We investigate the two-dimensional modified Gross-Pitaevskii equation, accounting for the effects of atom gain/loss and a time-independent isotropic confining potential, utilizing the Hirota's bilinear method. Through an appropriate bilinear form, we derive exact one-soliton and multi-soliton solutions. These solutions showcase two prominent phenomena: the second-order rogue matter wave with spatio-temporal localization, and the line soliton with double spatial localization. We demonstrate the feasibility of controlling the soliton amplitude and the effects of gain/loss resulting in areas of collapse by suitably tuning the coefficient of higher-order interactions in the Bose-Einstein condensate.
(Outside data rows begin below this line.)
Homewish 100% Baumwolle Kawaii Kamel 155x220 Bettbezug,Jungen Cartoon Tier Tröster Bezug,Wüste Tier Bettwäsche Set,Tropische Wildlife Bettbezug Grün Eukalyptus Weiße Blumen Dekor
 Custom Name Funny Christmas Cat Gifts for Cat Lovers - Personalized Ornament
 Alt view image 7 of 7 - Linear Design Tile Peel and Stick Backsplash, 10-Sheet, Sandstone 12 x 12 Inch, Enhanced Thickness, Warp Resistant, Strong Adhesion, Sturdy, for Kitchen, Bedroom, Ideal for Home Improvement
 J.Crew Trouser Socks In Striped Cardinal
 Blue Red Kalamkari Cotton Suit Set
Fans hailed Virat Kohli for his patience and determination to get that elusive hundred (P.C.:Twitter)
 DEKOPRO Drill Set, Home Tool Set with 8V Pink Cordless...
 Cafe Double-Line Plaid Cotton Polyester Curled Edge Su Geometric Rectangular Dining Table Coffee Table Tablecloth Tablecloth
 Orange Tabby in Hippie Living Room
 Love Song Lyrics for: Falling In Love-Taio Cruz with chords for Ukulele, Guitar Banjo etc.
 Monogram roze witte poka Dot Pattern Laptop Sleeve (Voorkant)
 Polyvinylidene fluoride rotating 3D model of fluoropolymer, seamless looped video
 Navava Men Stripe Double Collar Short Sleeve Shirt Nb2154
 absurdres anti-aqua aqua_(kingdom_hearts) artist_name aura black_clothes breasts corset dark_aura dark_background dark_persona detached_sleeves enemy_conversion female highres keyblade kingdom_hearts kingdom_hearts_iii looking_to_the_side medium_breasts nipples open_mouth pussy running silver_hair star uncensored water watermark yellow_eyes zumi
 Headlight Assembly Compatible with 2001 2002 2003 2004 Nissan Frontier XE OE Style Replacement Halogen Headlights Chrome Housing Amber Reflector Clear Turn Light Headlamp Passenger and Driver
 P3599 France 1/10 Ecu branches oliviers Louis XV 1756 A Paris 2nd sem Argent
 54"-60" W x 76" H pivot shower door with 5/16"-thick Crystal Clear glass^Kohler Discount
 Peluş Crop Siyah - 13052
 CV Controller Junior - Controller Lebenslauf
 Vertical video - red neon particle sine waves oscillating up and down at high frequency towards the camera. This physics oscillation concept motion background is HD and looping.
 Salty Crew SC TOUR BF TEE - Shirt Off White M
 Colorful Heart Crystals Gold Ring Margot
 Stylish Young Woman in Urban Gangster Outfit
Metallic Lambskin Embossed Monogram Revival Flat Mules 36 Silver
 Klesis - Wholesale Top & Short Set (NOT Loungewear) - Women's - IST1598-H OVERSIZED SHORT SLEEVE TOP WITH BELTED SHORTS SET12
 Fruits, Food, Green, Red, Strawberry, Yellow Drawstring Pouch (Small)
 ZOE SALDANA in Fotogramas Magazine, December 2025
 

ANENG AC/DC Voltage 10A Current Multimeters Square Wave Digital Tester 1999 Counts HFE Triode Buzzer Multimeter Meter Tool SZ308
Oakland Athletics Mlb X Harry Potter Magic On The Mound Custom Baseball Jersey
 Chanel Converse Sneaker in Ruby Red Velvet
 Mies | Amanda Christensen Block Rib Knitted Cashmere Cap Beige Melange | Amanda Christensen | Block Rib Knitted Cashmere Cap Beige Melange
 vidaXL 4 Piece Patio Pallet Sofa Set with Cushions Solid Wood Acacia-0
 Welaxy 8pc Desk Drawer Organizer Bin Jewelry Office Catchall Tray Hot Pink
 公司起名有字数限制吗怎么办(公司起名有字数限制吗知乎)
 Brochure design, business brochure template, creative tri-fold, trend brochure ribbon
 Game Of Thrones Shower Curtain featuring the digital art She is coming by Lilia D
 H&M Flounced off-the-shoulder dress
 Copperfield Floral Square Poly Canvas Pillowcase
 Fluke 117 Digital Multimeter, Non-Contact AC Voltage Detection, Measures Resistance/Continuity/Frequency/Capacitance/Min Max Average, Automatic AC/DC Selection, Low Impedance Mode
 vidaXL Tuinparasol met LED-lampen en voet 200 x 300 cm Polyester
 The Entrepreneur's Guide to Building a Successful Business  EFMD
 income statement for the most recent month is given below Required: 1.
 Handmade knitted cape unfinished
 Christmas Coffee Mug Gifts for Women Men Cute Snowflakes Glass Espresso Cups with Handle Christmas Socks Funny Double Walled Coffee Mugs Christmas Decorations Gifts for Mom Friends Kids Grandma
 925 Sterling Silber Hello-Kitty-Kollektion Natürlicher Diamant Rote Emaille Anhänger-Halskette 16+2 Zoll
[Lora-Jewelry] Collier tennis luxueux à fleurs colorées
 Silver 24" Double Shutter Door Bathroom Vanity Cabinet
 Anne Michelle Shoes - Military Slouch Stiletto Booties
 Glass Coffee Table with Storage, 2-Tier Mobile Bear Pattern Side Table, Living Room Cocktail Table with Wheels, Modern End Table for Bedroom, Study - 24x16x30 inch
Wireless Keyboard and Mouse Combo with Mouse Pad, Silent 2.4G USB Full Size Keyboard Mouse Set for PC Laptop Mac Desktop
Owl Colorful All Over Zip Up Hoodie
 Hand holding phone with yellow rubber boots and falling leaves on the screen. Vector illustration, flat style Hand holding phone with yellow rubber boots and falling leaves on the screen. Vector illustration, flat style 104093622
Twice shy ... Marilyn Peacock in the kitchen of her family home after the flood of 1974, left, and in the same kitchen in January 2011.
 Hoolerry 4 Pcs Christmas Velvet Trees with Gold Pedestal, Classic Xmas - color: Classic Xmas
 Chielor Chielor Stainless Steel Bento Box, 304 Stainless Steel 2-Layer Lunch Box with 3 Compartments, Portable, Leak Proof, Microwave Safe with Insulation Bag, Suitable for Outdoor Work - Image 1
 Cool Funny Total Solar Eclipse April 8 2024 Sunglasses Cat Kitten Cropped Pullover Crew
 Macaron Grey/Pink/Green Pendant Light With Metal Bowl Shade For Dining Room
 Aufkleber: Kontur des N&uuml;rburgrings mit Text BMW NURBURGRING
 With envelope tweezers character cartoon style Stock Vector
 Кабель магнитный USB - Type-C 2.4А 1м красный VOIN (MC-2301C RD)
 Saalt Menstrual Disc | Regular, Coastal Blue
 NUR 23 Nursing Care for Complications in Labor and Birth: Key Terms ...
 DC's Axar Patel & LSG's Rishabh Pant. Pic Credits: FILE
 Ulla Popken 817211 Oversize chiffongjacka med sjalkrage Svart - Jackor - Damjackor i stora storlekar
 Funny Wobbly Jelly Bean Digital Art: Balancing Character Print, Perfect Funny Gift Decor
Additionally, by exploring the interaction dynamics of the multi-soliton solutions, we identify elastic-type interactions, claiming the intrinsic properties of solitons. The influence of higher-order interactions and gain/loss terms on the interaction dynamics is also thoroughly analyzed. These analyses demonstrate that, within the framework of Bose-Einstein condensates described by the two-dimensional modified Gross-Pitaevskii equation, higher-order interactions provide a means to control the properties of the generated rogue matter waves. Extensive numerical simulations have been carried out, and their convergence with the theoretically predicted results highlights the emergent features of the obtained solutions. The exact analytical solutions derived in this study rigorously satisfy the original governing equation, thereby ensuring their consistency with the numerical findings and confirming their accuracy. Thus, our findings hold promise for potential future applications.